Hadoop: Rack Awareness

If you want your multi node cluster to be rack aware you need to do a few things. The following is to be done only on the master (namenode) only.

nano /home/myuser/rack.sh

With the following contents

#!/bin/bash

# Adjust/Add the property "net.topology.script.file.name"
# to core-site.xml with the "absolute" path the this
# file. ENSURE the file is "executable".

# Supply appropriate rack prefix
RACK_PREFIX=myrackprefix

# To test, supply a hostname as script input:
if [ $# -gt 0 ]; then

CTL_FILE=${CTL_FILE:-"rack.data"}

HADOOP_CONF=${HADOOP_CONF:-"/home/myuser"}

if [ ! -f ${HADOOP_CONF}/${CTL_FILE} ]; then
 echo -n "/$RACK_PREFIX/rack "
 exit 0
fi

while [ $# -gt 0 ] ; do
 nodeArg=$1
 exec< ${HADOOP_CONF}/${CTL_FILE}
 result=""
 while read line ; do
 ar=( $line )
 if [ "${ar[0]}" = "$nodeArg" ] ; then
 result="${ar[1]}"
 fi
 done
 shift
 if [ -z "$result" ] ; then
 echo -n "/$RACK_PREFIX/rack "
 else
 echo -n "/$RACK_PREFIX/rack_$result "
 fi
done

else
 echo -n "/$RACK_PREFIX/rack "
fi

Set execute permissions

sudo chmod 755 rack.sh

Create the data file that has your rack information.
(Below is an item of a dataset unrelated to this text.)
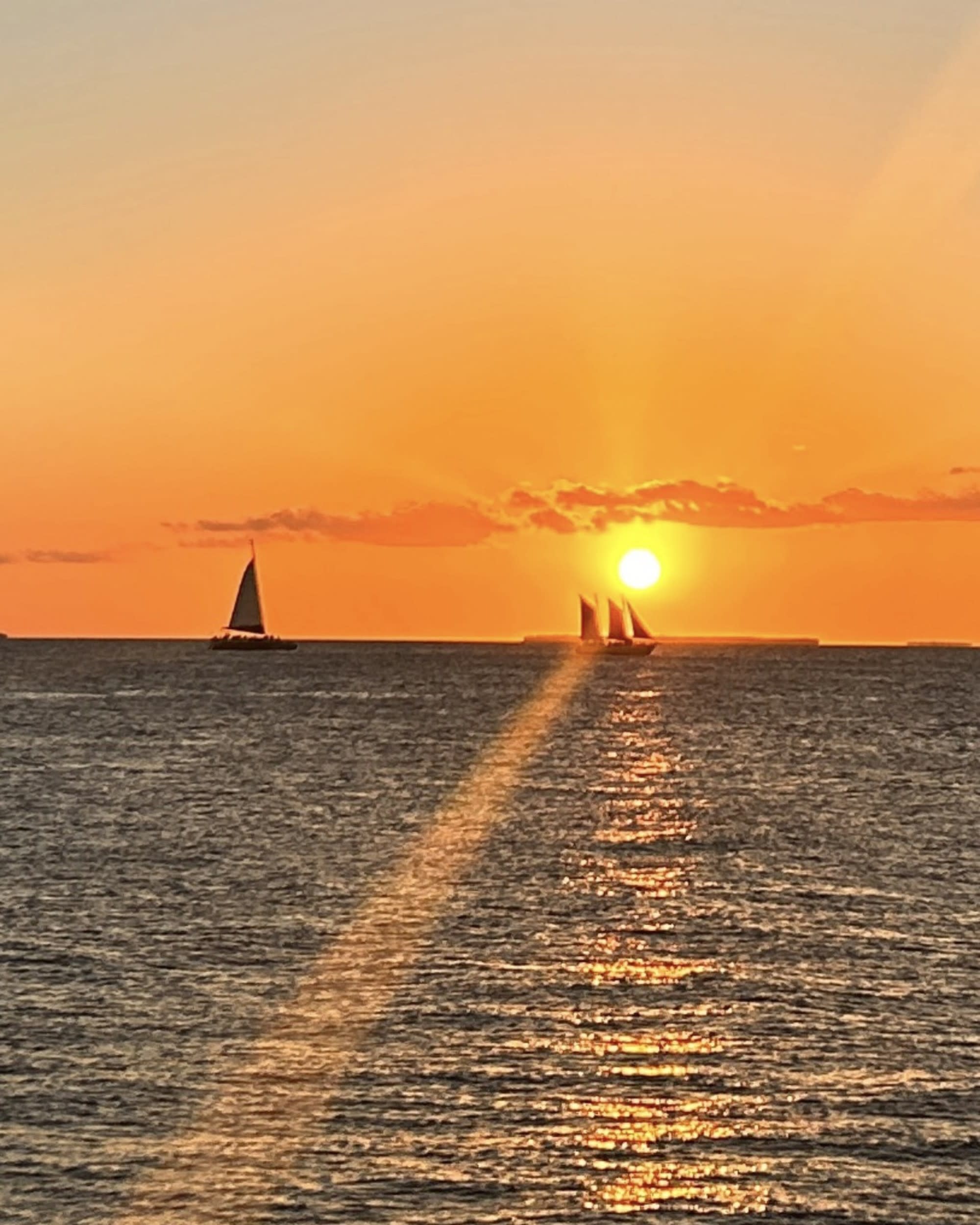 The image portrays a serene sunset over the ocean, with sailboat silhouettes against a vibrant orange sky.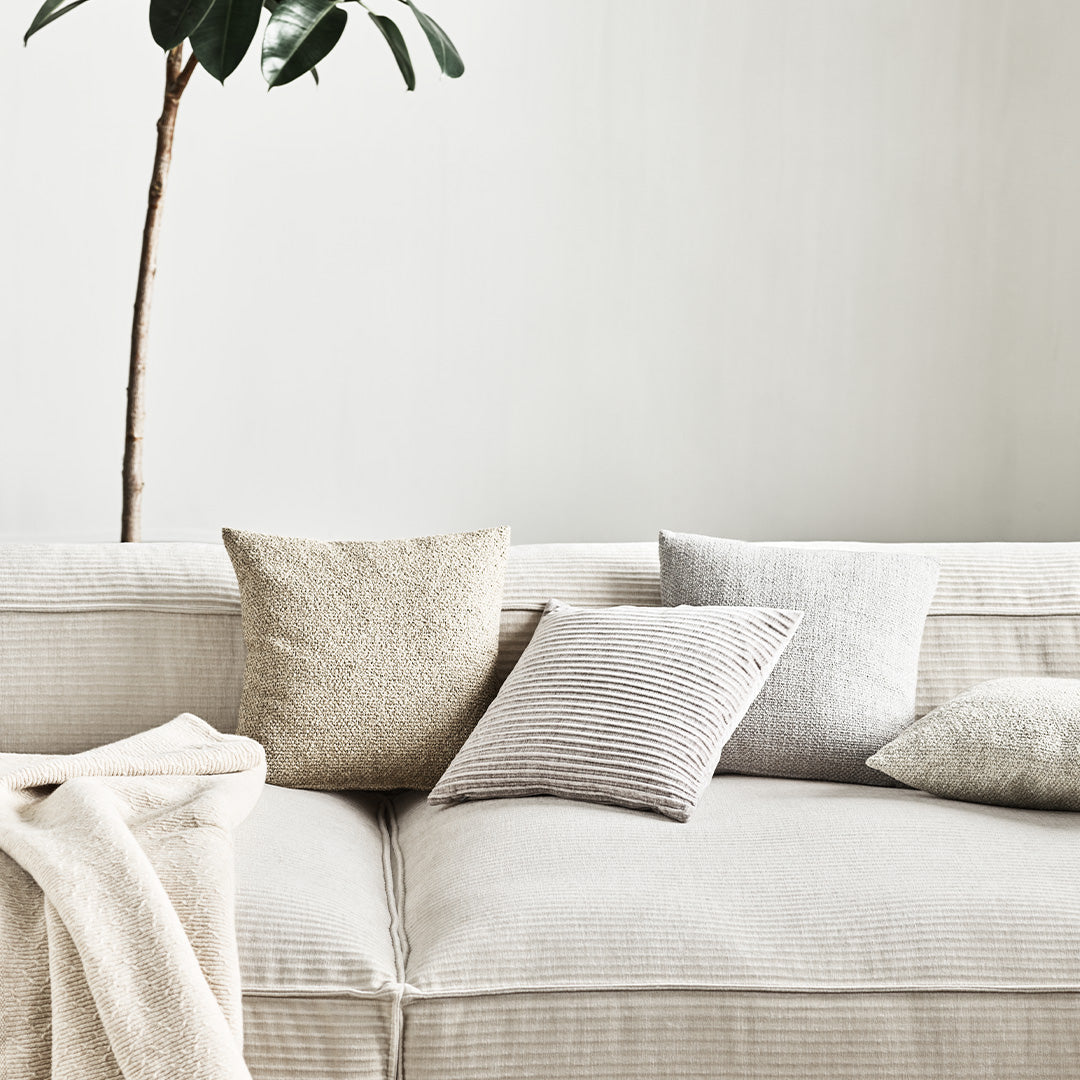 Neutral-colored throw pillows with textures and subtle patterns on a light sofa, complemented by a soft blanket.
You must be very careful not to have too many spaces between the host and the rack.

namenode_ip 1
secondarynode_ip 2
datanode1_ip 1
datanode2_ip 2

The last step is to update core-site.xml file located in your hadoop directory.

nano /usr/local/hadoop/etc/hadoop/core-site.xml

Set the contents to the following of where your rack.sh file is located.

  <property>
    <name>net.topology.script.file.name</name>
    <value>/home/myuser/rack.sh</value>
  </property>